I sent a letter to the editor yesterday urging some new measures to improve pedestrian/cyclist/scooterist safety.  The occasion?  In one night, last Friday, three local people, one from each category, were killed when hit by a motorist.  And worst of all, all three motorists fled the scene, leaving the victims either laying in the roadway to be run over again, or laying off the road badly needing, but not getting, emergency assistance.  Two of the motorists were apprehended, due to great public diligence, and the third was known but was on the lam.

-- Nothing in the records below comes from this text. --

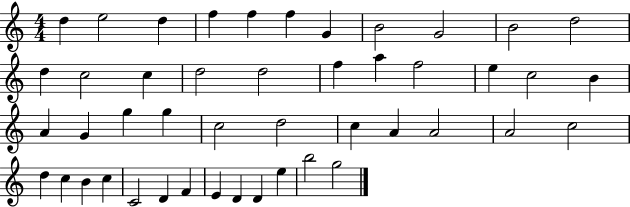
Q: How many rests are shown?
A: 0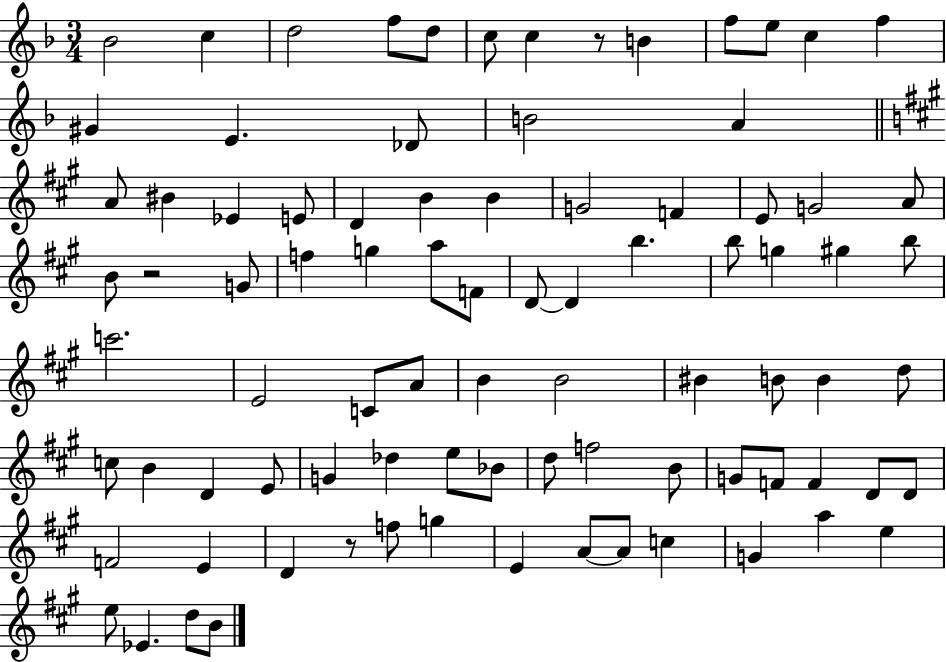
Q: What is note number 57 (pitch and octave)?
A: G4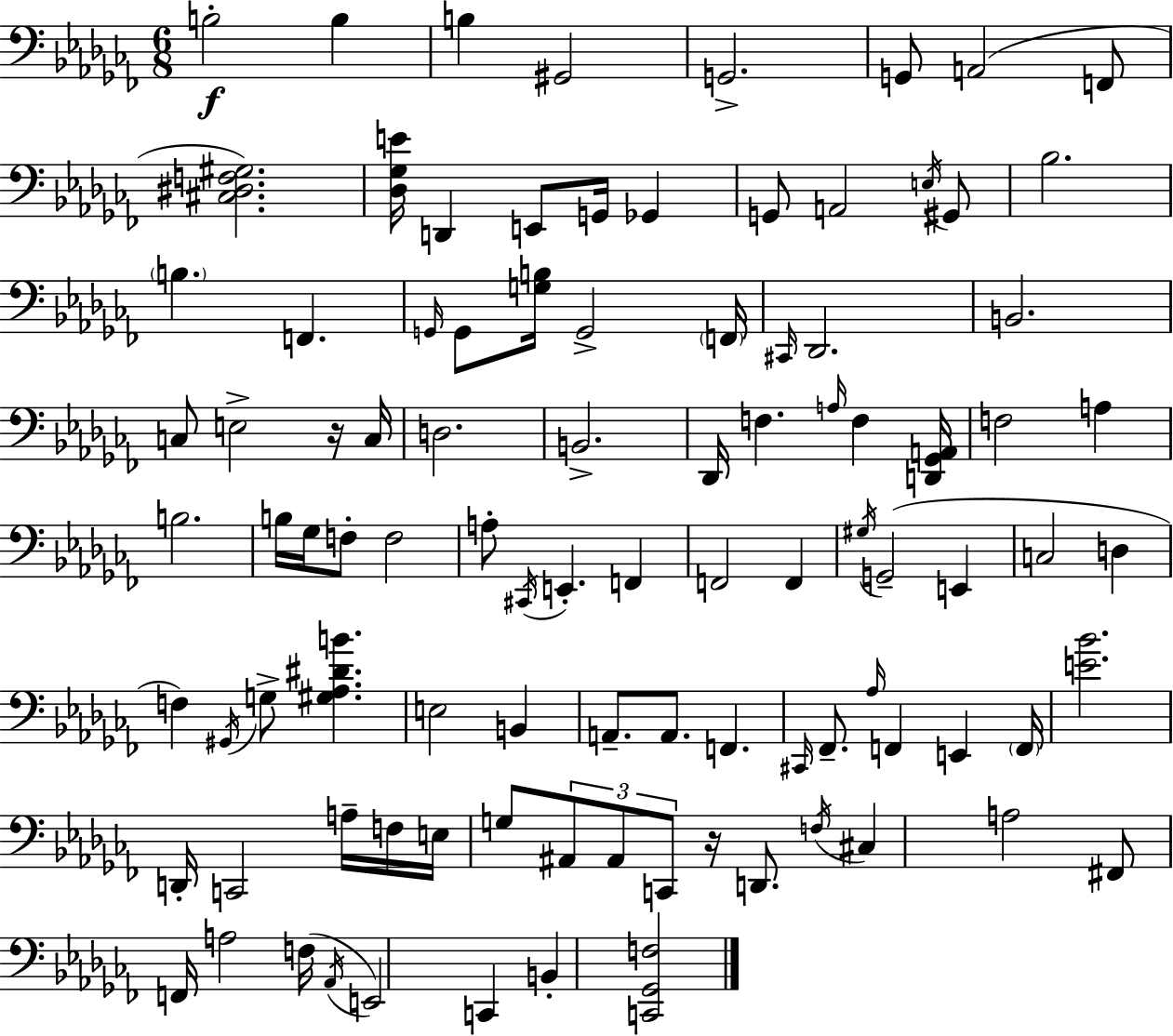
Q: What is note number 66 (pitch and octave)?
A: E2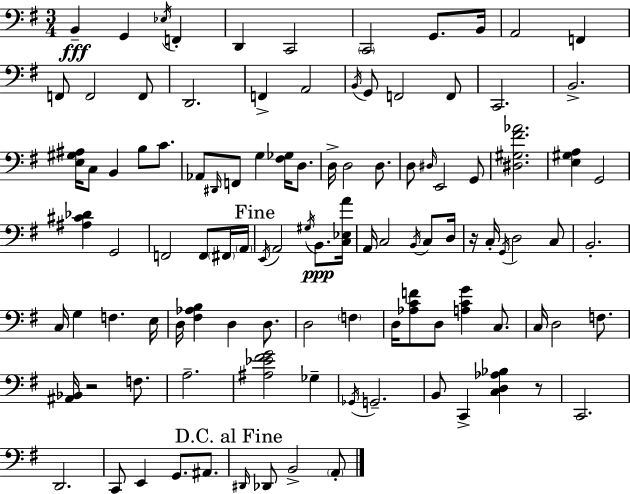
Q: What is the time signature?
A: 3/4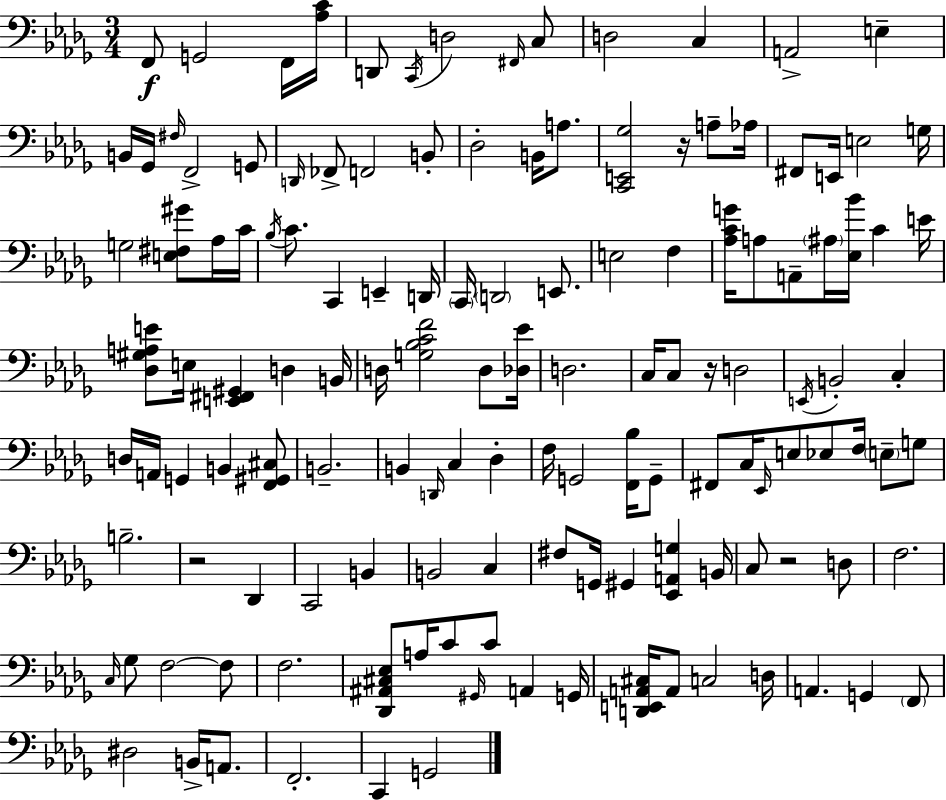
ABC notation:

X:1
T:Untitled
M:3/4
L:1/4
K:Bbm
F,,/2 G,,2 F,,/4 [_A,C]/4 D,,/2 C,,/4 D,2 ^F,,/4 C,/2 D,2 C, A,,2 E, B,,/4 _G,,/4 ^F,/4 F,,2 G,,/2 D,,/4 _F,,/2 F,,2 B,,/2 _D,2 B,,/4 A,/2 [C,,E,,_G,]2 z/4 A,/2 _A,/4 ^F,,/2 E,,/4 E,2 G,/4 G,2 [E,^F,^G]/2 _A,/4 C/4 _B,/4 C/2 C,, E,, D,,/4 C,,/4 D,,2 E,,/2 E,2 F, [_A,CG]/4 A,/2 A,,/2 ^A,/4 [_E,_B]/4 C E/4 [_D,^G,A,E]/2 E,/4 [E,,^F,,^G,,] D, B,,/4 D,/4 [G,_B,CF]2 D,/2 [_D,_E]/4 D,2 C,/4 C,/2 z/4 D,2 E,,/4 B,,2 C, D,/4 A,,/4 G,, B,, [F,,^G,,^C,]/2 B,,2 B,, D,,/4 C, _D, F,/4 G,,2 [F,,_B,]/4 G,,/2 ^F,,/2 C,/4 _E,,/4 E,/2 _E,/2 F,/4 E,/2 G,/2 B,2 z2 _D,, C,,2 B,, B,,2 C, ^F,/2 G,,/4 ^G,, [_E,,A,,G,] B,,/4 C,/2 z2 D,/2 F,2 C,/4 _G,/2 F,2 F,/2 F,2 [_D,,^A,,^C,_E,]/2 A,/4 C/2 ^G,,/4 C/2 A,, G,,/4 [D,,E,,A,,^C,]/4 A,,/2 C,2 D,/4 A,, G,, F,,/2 ^D,2 B,,/4 A,,/2 F,,2 C,, G,,2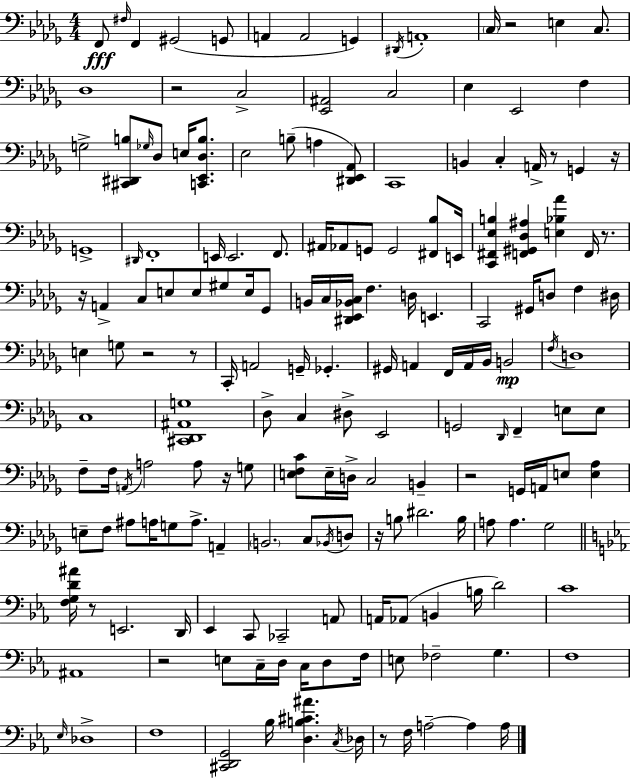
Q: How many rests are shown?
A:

I made the point in that letter that the MADD approach — having the courts and police crack down a lot more — is already in place.  Cut, at least in the case of alcoholics, doesn’t seem to be a deterrent.  There are a lot of other driver infractions, less serious, that are also not being deterred by enforcement, primarily because 90% of police involvement is either after the collision, or in very contrived speed-traps, which must be away from truly urban driving conditions (intersections, pedestrians, merging driveways).

My suggestion was to get government to require all motor vehicles to have a device installed that would a) require the driver to identify him or herself (so those barred from driving would be stopped before getting the engine going), b) subject the driver to some kind of sobriety test, and c) track the driver through a GPS that would automatically detect infractions that would be subject to automatic fees (vs. fines that are much higher and subject to expensive due-process proceedings).  Such tracking would also move transportation planning from the medieval age of guess-work to one based on actual driver behaviour/demand.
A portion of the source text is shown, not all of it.